CKM Customer Journey: Fixing a Broken $100M+ Automation Program
5 min read
Large organizations are complex, often consisting of operations that evolved over several decades. Throughout this time, thousands of people come and go. While knowledge can be shared and maintained, the reason why things are the way they are is never quite clear. So, new hires look at these decade-old processes and generally seek to uphold them like sacred rituals. When new problems or technologies arise, leaders generally elect to add to what is existing, instead of stripping things down and questioning if components need to exist at all. Over time, this results in clunky processes and constantly growing work volumes that are just as bad for customer experience as they are for operational efficiency.
Despite this unfortunate, natural tendency for an operation to degrade in quality over time while becoming bloated with unnecessary work volumes and automation, it can be avoided with the right attitude and toolset. We recently sat down with one of the most talented digital transformation leaders we’ve had the pleasure of doing business with to discuss what his challenges looked like first-hand.
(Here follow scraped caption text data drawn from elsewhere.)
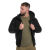 Куртка флісова Sturm Mil-Tec® "Cold Weather Fleece Jacket Gen.II with Hood" Black 4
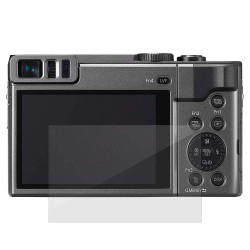 Set folii Panasonic Lumix DC-TZ90, 2 buc, protectie display, silicon, SILKASE Set folii Panasonic Lumix DC-TZ90, 2 buc, protectie display, silicon, SILKASE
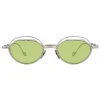Kuboraum - Mask H70 - Silver - H70 SI - Sunglasses - Optical Glasses - Kuboraum Eyewear - Avvenice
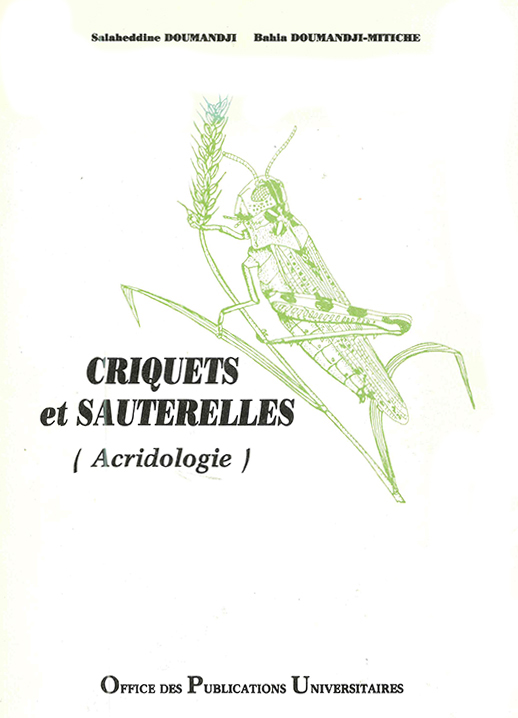 Criquets et sauterelles (acribologie)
Below we’ll review their experience as well as the ways in which CKM Analytix was able to support this customer in reaching their ambitious targets for operational efficiency.
The Wrong Data is Worse than No Data
The first day our customer walked into his new role at a major international IT services organization, he not only inherited thousands of complicated processes but even worse, a fully funded $100M+ automation program with a lot of momentum but little evidence of real results that justified its expense.
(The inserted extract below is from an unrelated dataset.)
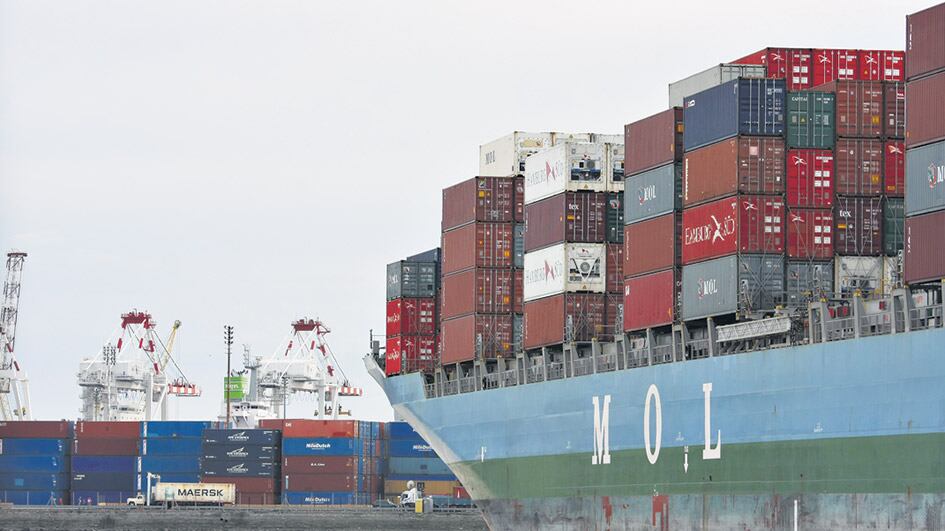 El 25 por ciento de los bienes de consumo importados provienen de China, seguido por Brasil y Estados Unidos.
It was a big challenge for our customer, and still a common challenge for leaders today, just to evaluate the program’s effectiveness. This was mainly due to data limitation since the actual expenses a work group incurs is not a perfect function of what one sees in aggregate reporting. In other words, an automation of 10% of a group’s work rarely translates into a 10% savings. Despite this disconnect, tracking the total volume of work automated by the program was the closest the team had to measuring its success. So, when the program identified an opportunity to automate one thousand tickets in a new account, it was celebrated.
Of course, to someone managing the day-to-day operation, automating one thousand tickets sounds great; but remember from our introduction the tendency for leaders to add to an operation instead of questioning it and identifying potential redesigns and reduction in work. Our customer hypothesized that a lot of the existing automation was value-less, and that much of what was automated did not need to exist in the first place. This could explain the lack of bottom-line results but was a radical idea for those leading the program, and something they could never admit to themselves without proof. At this point, our customer knew he needed an unbiased and data-driven assessment of this program to truly understand what was going on, and that’s when he turned to CKM Analytix.
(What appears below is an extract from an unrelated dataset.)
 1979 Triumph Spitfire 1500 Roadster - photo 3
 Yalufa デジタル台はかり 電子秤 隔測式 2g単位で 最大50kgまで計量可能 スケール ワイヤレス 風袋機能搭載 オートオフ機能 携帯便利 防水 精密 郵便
Put simply, CKM’s value proposition lies in our ability to build a comprehensive picture of operations by processing several different data sets and layering AI driven insights such as clusters of repetitive work and accurate predictions of total human effort. These measures give leaders better data to make better decisions, such as automating work only after exhausting all efforts to eliminate or redesign it. This ability proved invaluable to our customer, who not only needed to measure the effectiveness of existing automation, but also completely rethink how future investments were to be made.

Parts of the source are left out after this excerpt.